In this way, philosophy can have a profound effect on your life. The key is coming to your own understanding of what feels true to you. Highlighted in this article is an outline of what the concepts of consciousness, phenomenal consciousness, and intentionality are, as well as arguments that support their existence. With this information, you can come to your own conclusions about the relationship between phenomenal consciousness and intentionality.
Consciousness is a word that gets thrown around a lot, but what does it really mean? The truth is, it is difficult to define consciousness in a scientific or philosophical way. There are a number of philosophical debates raging about what truly constitutes consciousness at all. These debates have implications as technological advances continue to refine artificial intelligence.
Those that define consciousness as purely an experience manifested through material reality with material causes fear that, eventually, artificially intelligent machines will become sentient and ultimately seek to have power over humans.
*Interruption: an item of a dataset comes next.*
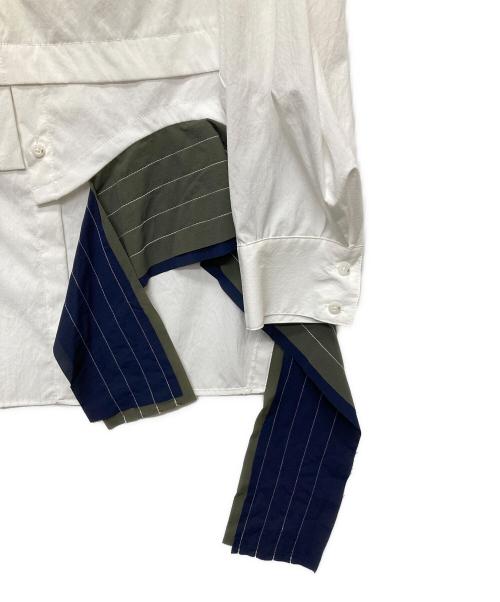 UN3D.（アンスリード）UN3D. (アンスリード) レイヤーパーツシャツ/522450400501-01 ホワイト サイズ:36の古着・服飾アイテム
In essence, they believe that it is possible to create such a machine because all of the functions of the human brain can ultimately be mimicked through advanced computer programming.
Individuals who see consciousness through this lens tend to define consciousness as intentionality, meaning consciousness is the experience of having thoughts or mental states about or of something.2 In a practical sense, this describes the experience of the “narrator” of your thoughts, a unified sense of “I.”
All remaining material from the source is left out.